Start of Working data

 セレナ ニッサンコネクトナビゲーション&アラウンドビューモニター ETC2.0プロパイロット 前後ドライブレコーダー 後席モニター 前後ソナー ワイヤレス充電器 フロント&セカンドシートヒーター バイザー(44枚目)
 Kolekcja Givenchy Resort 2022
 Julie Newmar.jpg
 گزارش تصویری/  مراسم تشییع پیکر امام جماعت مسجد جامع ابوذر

End of Working data
Start of Working data

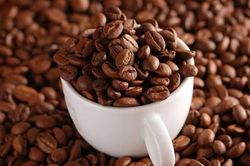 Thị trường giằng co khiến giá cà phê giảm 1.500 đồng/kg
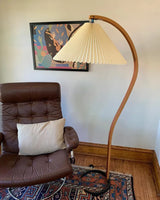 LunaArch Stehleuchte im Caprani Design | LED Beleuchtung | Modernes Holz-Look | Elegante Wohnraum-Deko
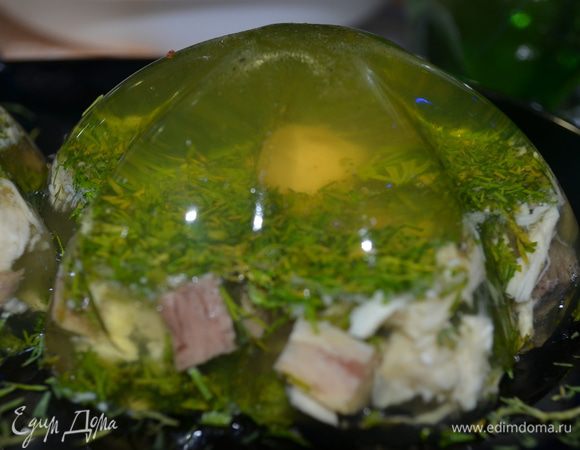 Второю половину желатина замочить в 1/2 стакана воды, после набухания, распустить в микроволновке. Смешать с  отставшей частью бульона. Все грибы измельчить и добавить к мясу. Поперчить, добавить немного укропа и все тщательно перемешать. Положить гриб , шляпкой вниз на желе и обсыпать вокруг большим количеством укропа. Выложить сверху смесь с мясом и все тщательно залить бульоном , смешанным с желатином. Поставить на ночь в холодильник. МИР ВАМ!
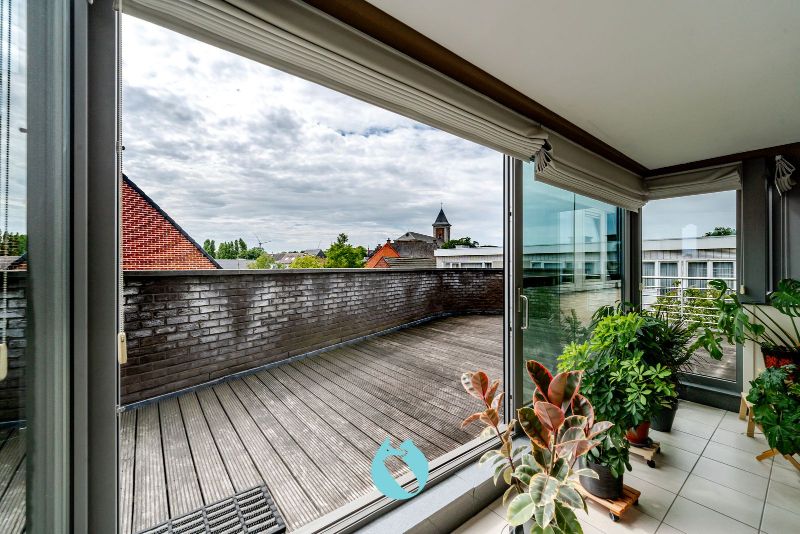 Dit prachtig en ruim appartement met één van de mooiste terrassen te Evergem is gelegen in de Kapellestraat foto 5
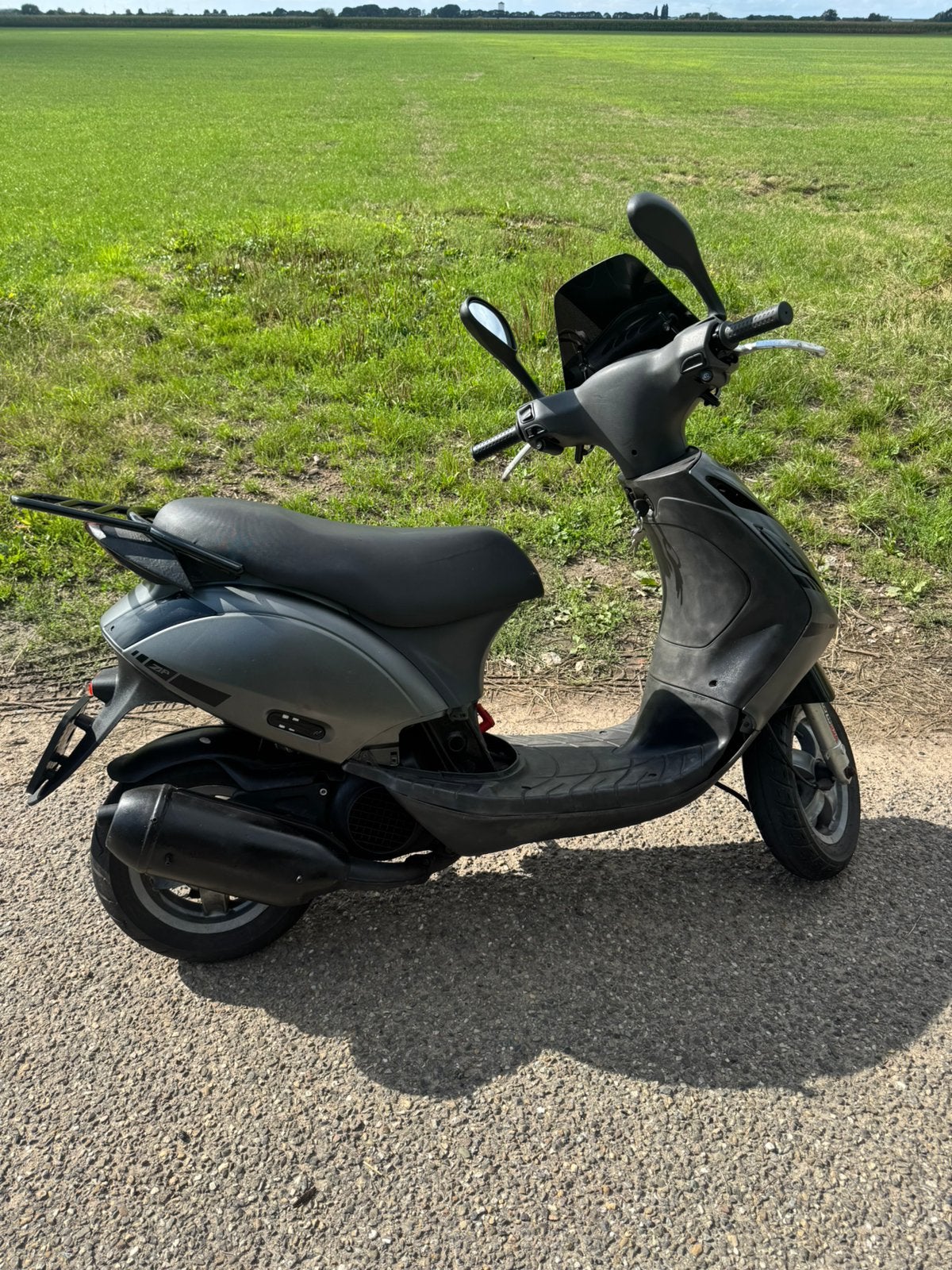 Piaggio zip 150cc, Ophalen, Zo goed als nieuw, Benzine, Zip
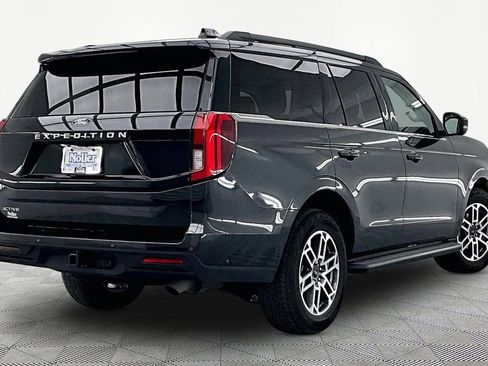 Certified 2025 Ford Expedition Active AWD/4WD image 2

End of Working data

Required work: Print exactly the lines above that run from the one with "Piaggio zip 150cc, Ophalen, Zo" down to the one with "Certified 2025 Ford", and omit the pictures.

Response to the task:
 Piaggio zip 150cc, Ophalen, Zo goed als nieuw, Benzine, Zip
 Certified 2025 Ford Expedition Active AWD/4WD image 2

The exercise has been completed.